Carlos Roberto Quintão
VIAGEM ATRAVÉS DO IMPOSSÍVEL
A EVOLUÇÃO DOS EFEITOS VISUAIS NO CINEMA
Dissertação apresentada à Escola de Belas Artes da Universidade Federal de Minas Gerais, como requisito parcial para obtenção do título de Mestre em Artes Visuais
Orientador: Prof. Heitor Capuzzo C-Orientadora: Prof. Ana Lúcia Andrade
Quintão, Carlos Roberto, 1974-
Viagem através do impossível [manuscrito] : a evolução dos efeitos visuais no cinema / Carlos Roberto Quintão. – 2013.
185 f. : il.
Orientador: Heitor Capuzzo. Coorientadora: Ana Lúcia Andrade
Dissertação (mestrado) – Universidade Federal de Minas Gerais, Escola de Belas Artes, 2003.

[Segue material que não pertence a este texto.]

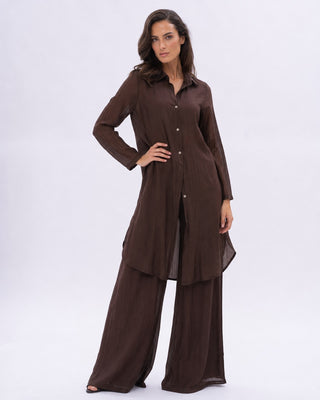 A woman modeling a dark brown two-piece outfit consisting of a long-sleeve button-front tunic and matching wide-leg pants, photographed against a plain light gray studio background.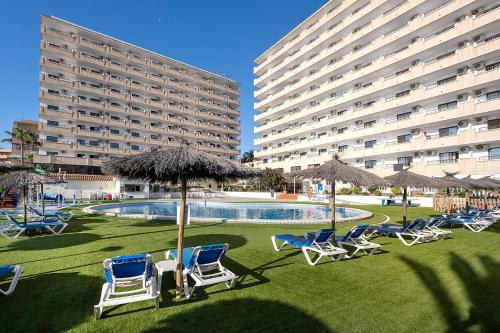 a group of chairs and umbrellas next to a large building at Hotel Playas de Torrevieja in Torrevieja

1. Animação (Cinematografia) – Teses. 2. Animação
SUMÁRIO
PRIMEIRAS MÁGICAS ... 03
AS ILUSÕES ÓPTICAS ... 14
A SUBSTITUIÇÃO DO ESPAÇO ... 33
A ANIMAÇÃO 2D ... 63
A ANIMAÇÃO 3D ... 71
A CIÊNCIA DA ERA ANALÓGICA ... 98
A ERA DIGITAL ... 113
O EFEITO INVISÍVEL ... 139
O HOMEM SINTÉTICO ... 152
CONCLUSÃO ... 164
FILMOGRAFIAS SELECIONADAS ... 169
CAPÍTULO I:
PRIMEIRAS MÁGICAS
Aqui são apontadas as primeiras experiências de manipulação da imagem, através de trucagens, dupla e tripla exposição e animação. São introduzidas basicamente as principais técnicas que serão desenvolvidas paralelamente à linguagem clássica.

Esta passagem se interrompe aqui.